This week we explore ships that carry other ships, a 1914 author who thinks calculus is should be easy to learn, and the reason most of us shouldn’t be firefighters.
🚢 This ship sinks to pick up other ships
Along with half of Twitter, I (of course) became a marine salvage expert overnight, following the accidental blockage of the Suez Canal last week.
While going down that maritime rabbit hole, I came across this magnificent clip of the world’s largest semisubmersible heavy-lift ship picking up one of the largest Carnival Cruise vessels.
Keep in mind as you watch: the ship being picked up is just about as long (324m) as 3 World Trade Center is tall (329m). (h/t David Slifka)
🧯 Fighting fires or building the neighborhood?
“Remember: your job as a PM [Product Manager] isn’t to put out fires. It’s to build the product (in this analogy, the neighbourhood). Don’t get addicted to checking items off of a to-do list. Instead, look for the way to prevent the most damage across the whole area.”
- Will Lawrence in PMs Let Fires Burn
As someone who enjoys the excitement of firefighting, Will’s writing on firefighting vs building struck a bit close to home. The more difficult work on building requires deep thinking and pairs slow feedback loops, while the addictive work of firefighting is fast paced and exciting, with immediate feedback loops.
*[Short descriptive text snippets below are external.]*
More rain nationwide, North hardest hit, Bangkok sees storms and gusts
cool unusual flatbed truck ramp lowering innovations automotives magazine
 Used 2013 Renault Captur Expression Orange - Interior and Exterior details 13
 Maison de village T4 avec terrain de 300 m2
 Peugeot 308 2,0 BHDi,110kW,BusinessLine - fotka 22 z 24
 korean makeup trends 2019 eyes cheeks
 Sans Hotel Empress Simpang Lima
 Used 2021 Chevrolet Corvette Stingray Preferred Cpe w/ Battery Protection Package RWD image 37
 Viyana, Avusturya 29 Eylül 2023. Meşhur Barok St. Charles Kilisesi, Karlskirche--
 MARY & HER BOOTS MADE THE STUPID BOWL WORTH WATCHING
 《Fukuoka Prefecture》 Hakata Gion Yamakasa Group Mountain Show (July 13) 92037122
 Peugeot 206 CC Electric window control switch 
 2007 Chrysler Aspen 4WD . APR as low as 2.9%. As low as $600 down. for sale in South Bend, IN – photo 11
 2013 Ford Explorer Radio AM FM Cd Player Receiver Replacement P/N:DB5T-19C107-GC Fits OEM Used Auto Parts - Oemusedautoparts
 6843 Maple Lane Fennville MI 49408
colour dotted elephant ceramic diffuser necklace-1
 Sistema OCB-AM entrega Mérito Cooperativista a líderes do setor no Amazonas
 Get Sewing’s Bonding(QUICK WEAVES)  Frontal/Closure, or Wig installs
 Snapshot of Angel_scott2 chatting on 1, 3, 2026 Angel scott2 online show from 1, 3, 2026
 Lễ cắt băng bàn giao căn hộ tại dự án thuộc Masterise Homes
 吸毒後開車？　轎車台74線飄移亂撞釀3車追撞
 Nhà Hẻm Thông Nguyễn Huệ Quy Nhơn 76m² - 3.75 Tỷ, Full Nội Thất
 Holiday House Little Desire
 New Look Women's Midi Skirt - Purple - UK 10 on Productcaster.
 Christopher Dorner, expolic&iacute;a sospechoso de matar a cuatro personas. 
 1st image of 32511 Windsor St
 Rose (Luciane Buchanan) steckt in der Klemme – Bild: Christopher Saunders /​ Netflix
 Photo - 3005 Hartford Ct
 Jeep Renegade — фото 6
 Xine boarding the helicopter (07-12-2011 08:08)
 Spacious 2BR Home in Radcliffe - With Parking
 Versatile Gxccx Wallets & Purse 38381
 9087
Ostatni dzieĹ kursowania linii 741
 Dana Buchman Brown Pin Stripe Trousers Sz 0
This leaves me wondering how to change my own incentive design to make building more enticing, vs simply relying on pure willpower to atone for poor incentive structuring.
🧮 Complexity is overrated
“The fools who write the textbooks of advanced mathematics … seldom take the trouble to show you how easy the easy calculations are. On the contrary, they seem to desire to impress you with their tremendous cleverness by going about it in the most difficult way.”
- Calculus Made Easy by Silvanus Thompson (h/t Helen Czerski)
An excellent reminder that everything can be communicated clearly and simply. Complexity in communication merely demonstrates the writer’s lack of true understanding or lack of commitment in truly sharing that knowledge.
Or as Woodrow Wilson once responded when asked how long he took preparing a speech: “That depends on the length of the speech. If it is a ten-minute speech it takes me all of two weeks to prepare it; if it is a half-hour speech it takes me a week; if I can talk as long as I want to it requires no preparation at all. I am ready now.”